Friday, March 04, 2011

Hazlegrove and Heaving Chests (Ooh-er!)

Good King Hal starring in the latest blockbuster "Babe 3 - Pig in a White Wine Sauce, with shallots, aubergines and potato rosti, all served with a nice chilled Chablis". Certificate 18.

My son has a certain temper with inanimate objects, when they won't do what he wants them to do. Sadly, I can hide this no longer - he gets this from me. And with me it isn't even inanimate objects. If anything isn't doing what I want it to do, it is in danger of being smashed to pieces or thrown across the room. I am usually this same intolerant idiot when it comes to being ill. Now I have just finished my week long run at Leeds Castle and it is usually when I am there that I fall ill with a bad chest - but I have waited until the week after to get all yukky. Now, whenever I lie down my chest goes bubble-bubble-wheeze and I begin coughing and sometimes can't stop for several eye-watering minutes. This is where my temper with inanimate objects goes to a new level, as I get so angry with my lungs for not working properly I just want to rip them out, squeeze them dry, run them through a mangle and then stuff them back in again. As I can't actually do this for real (please, children at home - DON'T try this) it means I have been having terrible trouble sleeping of late. So the night before I was due to drive to Hazlegrove School near Sparkford in Somerset I gave up on my bed after a couple of wheezing coughing filled hours and headed instead for the warm comforts of my almost world famous "Coma Chair" (C) Mike Farley 2010. Now I knew not to sleep with my feet on the floor as this could bring on such horrors as deep vein thrombosis, scurvy and Mongolian Luirghi Fever of the Fallen Arches (or something like that).
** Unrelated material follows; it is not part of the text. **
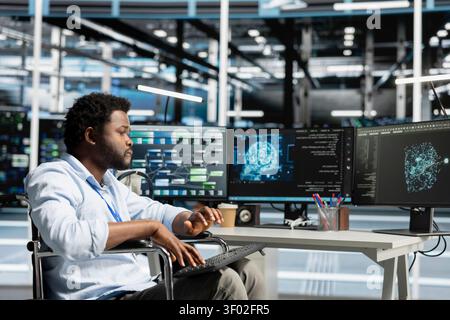 Data center engineer using a wheelchair uses a computer to manage machine learning workloads, working with AI technology and high performance systems. Stock Photo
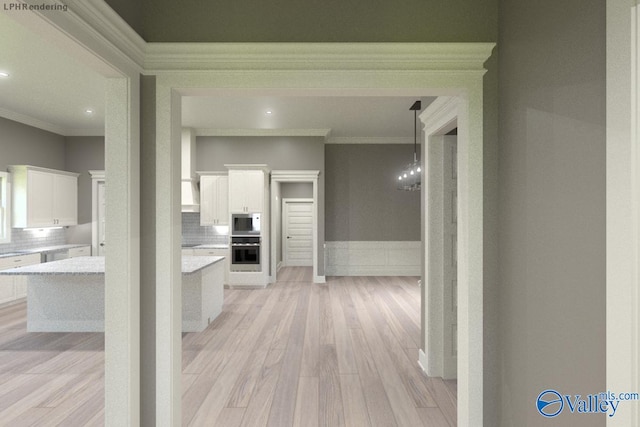 hallway with ornamental molding and light wood-type flooring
So I dutifully stuck my legs up on a stool, stuck on the latest recorded edition of Neil Oliver's "History of Ancient Britain" and as predicted I promptly fell fast asleep.
I woke up at some damnably early hour and found that my feet had at some point in the night fallen off the stool. I was now blessed with ankles that felt remarkably like over ripe cantaloupe melons. I still felt ill and my chest burbled away merrily as I drove up the A303 to Sparkford, pausing only to cough alarmingly and wipe my watering eyes. Hazlegrove School is in a remarkable old house that apparently, I was informed later, was once slept in by Catherine of Aragon... or was it Katherine Parr? Well it was one of them. Mind you, the amount of places I have been in my time as Henry VIII and been told that one of the six wives once slept there, or that Mary I slept there, or Queen Elizabeth had eaten a Ginsters pasty there etc. The other one I get all the time is mostly American women coming up to me at events and telling me they're related to Anne Boleyn. Well so am I - we're both mammals for Christ's sake. Anyway, I am getting off the subject.
Hazlegrove School was lovely, the teachers were unbelievably friendly and helpful and very sympathetic to my burbling chest and frequent Krakatoa cough explosions. The kids were great and called the usual private school names like Hector or Ned, or Jensen or Barry (not really). The lunch was lovely, a very tasty roast pork with veg and roast potatoes. The afternoon session went very well and finished with two of the finest jousting teams you will ever see, but ended with the Gentlemen's team just sneaking a narrow victory over a very good ladies team. This makes our score:
GENTLEMEN 16 - 19 LADIES
I felt totally wasted after the show. Just exhausted and burnt out. All I could think of was that I was due to get up at 4am the next morning and drive three hours up to Shrewsbury for a visit to Mereside School. To be honest I just couldn't face the idea. I needed rest and lots of it. When I got home I called Mereside and they were lovely - they said it was fine and the show has now been postponed back to the 14th March. Phew. This meant I could have a lie in this morning and get better, and you know what? I feel much better for it. Therefore the next Henry day is now on Monday at The Hills School in Bedford.

1 comment:

Moonroot said...

You have such a way with words! Very amusing post.

Sorry about the cold - you probably got it from me last weekend - it started for me on Saturday evening. Or maybe Leeds Castle really is a hotbed of lurgy.

Hope you're soon feeling better. Really glad you were able to postpone the visit to Shropshire till you feel better.